■ What is expected
Your answer should be the exact lines of the records, starting with the one containing "Goldnera Women Gold-Plated Brass Pendant Set" and running to the end.

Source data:

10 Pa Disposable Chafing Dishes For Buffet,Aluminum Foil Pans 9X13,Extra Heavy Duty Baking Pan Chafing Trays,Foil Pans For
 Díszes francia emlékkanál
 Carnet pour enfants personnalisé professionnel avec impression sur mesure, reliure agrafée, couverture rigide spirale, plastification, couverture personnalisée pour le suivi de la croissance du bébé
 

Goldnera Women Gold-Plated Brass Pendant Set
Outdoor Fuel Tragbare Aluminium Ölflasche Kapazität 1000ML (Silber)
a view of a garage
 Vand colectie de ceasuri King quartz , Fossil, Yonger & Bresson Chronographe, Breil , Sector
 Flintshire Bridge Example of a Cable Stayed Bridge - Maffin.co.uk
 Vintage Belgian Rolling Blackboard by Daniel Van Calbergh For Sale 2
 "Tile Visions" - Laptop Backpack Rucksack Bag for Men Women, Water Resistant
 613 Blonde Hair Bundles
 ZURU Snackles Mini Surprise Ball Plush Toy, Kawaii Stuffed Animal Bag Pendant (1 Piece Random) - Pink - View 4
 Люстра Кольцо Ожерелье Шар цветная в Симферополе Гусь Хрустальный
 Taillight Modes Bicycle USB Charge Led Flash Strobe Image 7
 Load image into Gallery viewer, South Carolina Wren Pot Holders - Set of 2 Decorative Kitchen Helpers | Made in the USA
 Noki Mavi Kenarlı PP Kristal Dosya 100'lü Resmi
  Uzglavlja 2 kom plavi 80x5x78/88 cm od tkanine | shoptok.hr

■ Solution to the problem
Goldnera Women Gold-Plated Brass Pendant Set
Outdoor Fuel Tragbare Aluminium Ölflasche Kapazität 1000ML (Silber)
a view of a garage
 Vand colectie de ceasuri King quartz , Fossil, Yonger & Bresson Chronographe, Breil , Sector
 Flintshire Bridge Example of a Cable Stayed Bridge - Maffin.co.uk
 Vintage Belgian Rolling Blackboard by Daniel Van Calbergh For Sale 2
 "Tile Visions" - Laptop Backpack Rucksack Bag for Men Women, Water Resistant
 613 Blonde Hair Bundles
 ZURU Snackles Mini Surprise Ball Plush Toy, Kawaii Stuffed Animal Bag Pendant (1 Piece Random) - Pink - View 4
 Люстра Кольцо Ожерелье Шар цветная в Симферополе Гусь Хрустальный
 Taillight Modes Bicycle USB Charge Led Flash Strobe Image 7
 Load image into Gallery viewer, South Carolina Wren Pot Holders - Set of 2 Decorative Kitchen Helpers | Made in the USA
 Noki Mavi Kenarlı PP Kristal Dosya 100'lü Resmi
  Uzglavlja 2 kom plavi 80x5x78/88 cm od tkanine | shoptok.hr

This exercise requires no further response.